:: DATA

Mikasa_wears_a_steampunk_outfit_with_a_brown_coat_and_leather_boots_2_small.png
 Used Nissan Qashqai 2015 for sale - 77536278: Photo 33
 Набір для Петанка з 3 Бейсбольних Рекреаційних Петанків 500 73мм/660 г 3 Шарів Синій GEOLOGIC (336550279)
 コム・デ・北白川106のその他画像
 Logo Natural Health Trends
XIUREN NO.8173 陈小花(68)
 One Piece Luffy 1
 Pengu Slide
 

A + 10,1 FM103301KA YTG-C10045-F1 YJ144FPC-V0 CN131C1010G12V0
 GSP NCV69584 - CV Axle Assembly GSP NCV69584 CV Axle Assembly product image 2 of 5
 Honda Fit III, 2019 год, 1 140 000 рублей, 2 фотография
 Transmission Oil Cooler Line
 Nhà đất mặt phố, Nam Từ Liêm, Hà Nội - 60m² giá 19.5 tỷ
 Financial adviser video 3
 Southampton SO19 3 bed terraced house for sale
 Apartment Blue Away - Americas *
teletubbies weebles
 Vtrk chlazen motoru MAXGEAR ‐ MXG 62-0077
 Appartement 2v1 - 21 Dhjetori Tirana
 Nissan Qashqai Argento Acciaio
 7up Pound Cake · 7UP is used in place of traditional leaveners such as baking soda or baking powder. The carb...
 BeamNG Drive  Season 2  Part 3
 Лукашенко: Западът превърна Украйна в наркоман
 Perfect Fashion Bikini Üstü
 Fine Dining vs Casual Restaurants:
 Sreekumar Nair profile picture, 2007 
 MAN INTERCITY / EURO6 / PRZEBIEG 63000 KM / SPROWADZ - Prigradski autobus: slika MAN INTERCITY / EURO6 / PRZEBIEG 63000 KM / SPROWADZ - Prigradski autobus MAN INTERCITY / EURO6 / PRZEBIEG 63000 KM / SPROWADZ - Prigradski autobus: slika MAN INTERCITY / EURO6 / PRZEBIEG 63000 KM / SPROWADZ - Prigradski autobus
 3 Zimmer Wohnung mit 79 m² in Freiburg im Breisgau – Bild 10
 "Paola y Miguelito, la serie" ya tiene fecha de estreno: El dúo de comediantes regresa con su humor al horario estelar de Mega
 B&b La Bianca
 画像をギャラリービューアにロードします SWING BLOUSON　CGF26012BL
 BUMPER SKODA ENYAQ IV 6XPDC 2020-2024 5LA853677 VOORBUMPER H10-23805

::::

In the answer, give the lines from the first line of the data through the line with "Sreekumar Nair profile picture, 2007", exactly as they appear and with no additions.

Mikasa_wears_a_steampunk_outfit_with_a_brown_coat_and_leather_boots_2_small.png
 Used Nissan Qashqai 2015 for sale - 77536278: Photo 33
 Набір для Петанка з 3 Бейсбольних Рекреаційних Петанків 500 73мм/660 г 3 Шарів Синій GEOLOGIC (336550279)
 コム・デ・北白川106のその他画像
 Logo Natural Health Trends
XIUREN NO.8173 陈小花(68)
 One Piece Luffy 1
 Pengu Slide
 

A + 10,1 FM103301KA YTG-C10045-F1 YJ144FPC-V0 CN131C1010G12V0
 GSP NCV69584 - CV Axle Assembly GSP NCV69584 CV Axle Assembly product image 2 of 5
 Honda Fit III, 2019 год, 1 140 000 рублей, 2 фотография
 Transmission Oil Cooler Line
 Nhà đất mặt phố, Nam Từ Liêm, Hà Nội - 60m² giá 19.5 tỷ
 Financial adviser video 3
 Southampton SO19 3 bed terraced house for sale
 Apartment Blue Away - Americas *
teletubbies weebles
 Vtrk chlazen motoru MAXGEAR ‐ MXG 62-0077
 Appartement 2v1 - 21 Dhjetori Tirana
 Nissan Qashqai Argento Acciaio
 7up Pound Cake · 7UP is used in place of traditional leaveners such as baking soda or baking powder. The carb...
 BeamNG Drive  Season 2  Part 3
 Лукашенко: Западът превърна Украйна в наркоман
 Perfect Fashion Bikini Üstü
 Fine Dining vs Casual Restaurants:
 Sreekumar Nair profile picture, 2007 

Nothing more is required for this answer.